That look in your child’s eye when they are happy or the sound of their laugh.

Seeing a grandparent or spouse playing with your child and seeing them smiling ear to ear, how that makes you happy and smile the same way.

That’s the fuel that keeps me going everyday, even on those days that every liquid around is somehow spilling and the house is a mess.

That smile is what dreams are made of.

So for now how do we adjust with transitions in the meantime?

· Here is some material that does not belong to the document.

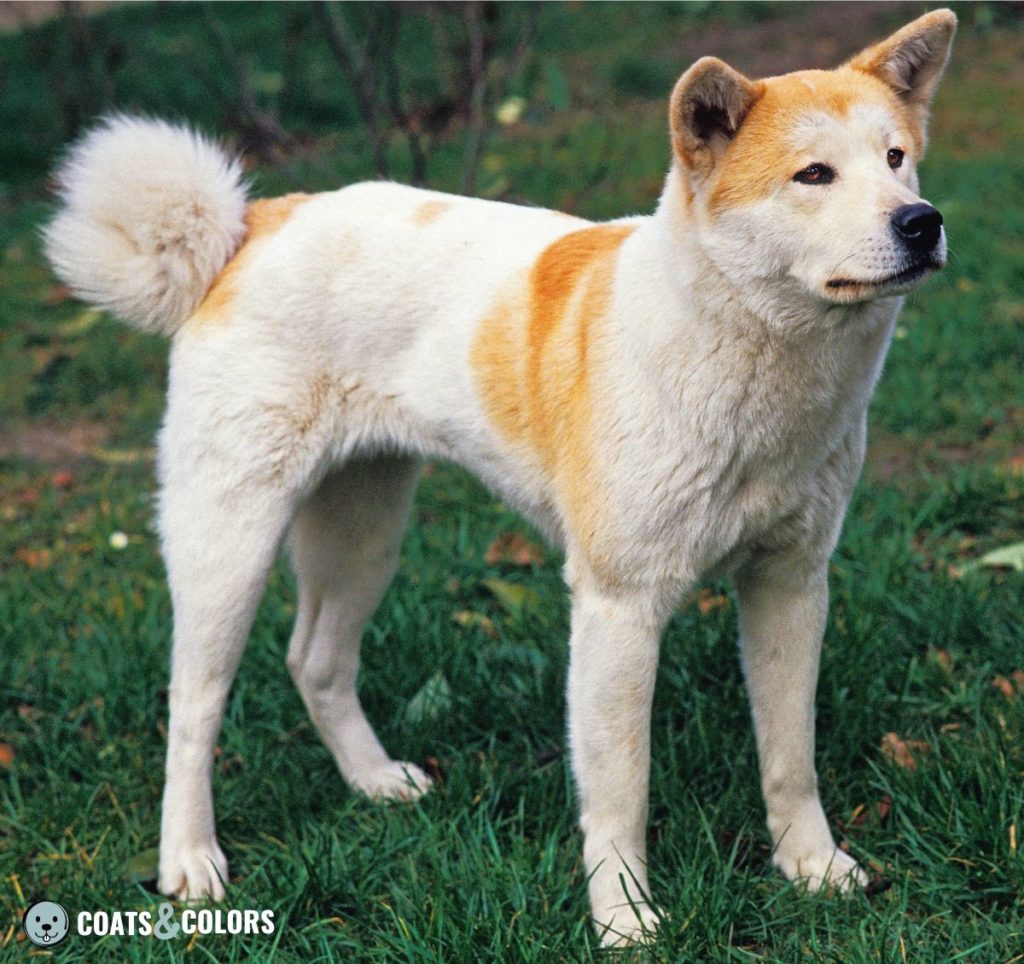 Silver store akita inu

  1. Keep making your family a priority
    • Take a step back and look at the big picture. These changes as a family helps up persevere together. Whether it is returning to work after maternity leave or adjusting to a new job, new house, new city. A new developmental stage for a child. A new sibling. How do we take this head-on? Game plan for hard days?
  2. Make more quality time a priority.
    • Trying to limit distractions when with friends or with children or with family. Eye contact, hugs, high fives, family games, floor time with toys, swimming, museums, zoo, cards, walks. I’m challenging myself with this all the time, it is so difficult to NOT be distracted. What I have been doing is finding the balance- I try to check social media a few times a day briefly, then putting the phone away to focus on spending more time in the NOW with those around me.
  3. Reflect
    • Take time to journal or just doodle while reflecting on how far you have come. Write down all you HAVE accomplished and be proud of that! Nothing amazing was built in one day, let yourself be vulnerable.
  4. Consider relationships a priority
    • Do you brush your teeth at least everyday? Hopefully right? 🙂
    • I sometimes have  a hard time remembering that relationships need upkeep like daily checking in about the weeks events, short term goals, and so on, but it is just as important as the other things we do daily like brushing those pearls.
  5. Nurture friendships
    • Near and far, remind those friends you think of that you are still thankful for the friendship. Call a friend that you haven’t spoken to in a while. Set a date, even if someone might have to cancel because of an unforeseen circumstance.
  6. Try to give yourself some dang grace as your grow and are challenged
    • It’s okay to feel like this is a hard time. Call a friend, call a sibling or relative, call your closet work pal. There is always someone that has likely gone through something similar. Exercise. Find some out that lets you find freeing.
  7. Let all that drama and negativity out the BACK door. No one has time for that
    • Seriously.  YOU can do this. Transitions are temporary. ❤

I’m definitely going through a transition right now just STILL adjusting to this very busy life of a working mom. I’ve been using all these things to remind myself to enjoy these moments and the chaos. It is made me adjust so much easier. Change makes us stronger and keeps us on our toes. It can be hard but thankfully we never have to do anything alone.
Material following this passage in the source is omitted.